Рассуждая вслух, внимая тембру своего голоса, к которому всегда питал особую, свойственную много говорящим людям слабость, он уже понял, что даже этим начал размягчать твердокаменность своего решения и от первоначального порыва остается разве что неприятный осадок, что вот, мол, и перед самим собой не сумел оказаться тем, кем хотел бы видеть себя со стороны. Правда, довольно значительным клином, который он незаметно для собственной гордыни вбивал в свою твердокаменность было то, что в Москве уже прошло несколько осудительных народом самоубийств, которые наиболее оголтелыми восприняты с ехидным злорадством. А тот же Арсентий Гонопольский без обиняков предположил:
– Это им помогли уйти из жизни! Чтобы замести следы.

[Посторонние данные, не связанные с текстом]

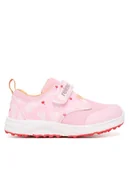 Buty dla dziewczynek - Reima Sneakersy Moomin Ekana 5400129M-4251 Różowy - miniaturka - grafika 1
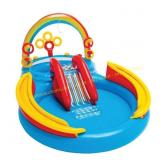 COMPLETE? Intex Rainbow Ring Inflatable Pool Play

– Какие? – помнится, спросил его Николай Арефьич. – Все они вон даже и предсмертные записки пооставляли.
Алифашкин не лез в спор, все еще продолжали работать тормоза самосохранения. А Гонопольский, подержав в кривоте щеки усмешку, передразнил:
– Записки… Да ежели сейчас скажут, что на твоих детей череда несчастий обрушится. Ненароком, конечно. Ты не только писульку, роман целый предсмертный напишешь с пением в конце гимна «Боже, царя храни». Потому не стоит кричать при поджоге, что у тебя в кармане бутылка с бензином.
Но лично за собой Алифашкин не чувствовал никакой вины и ни перед кем. Хотя, если честно, немного саднит душа от мысли, что слишком угарно лез он лбом на стену солидности, которая была возведена предпоследним первым секретарем, какую он в конечном счете сокрушил. И вот сейчас, как наследник, ключи от дома которого кинули в полыхающую дверь вожделенного обиталища, чувствует себя неуютно на остывающем от пожара пепелище.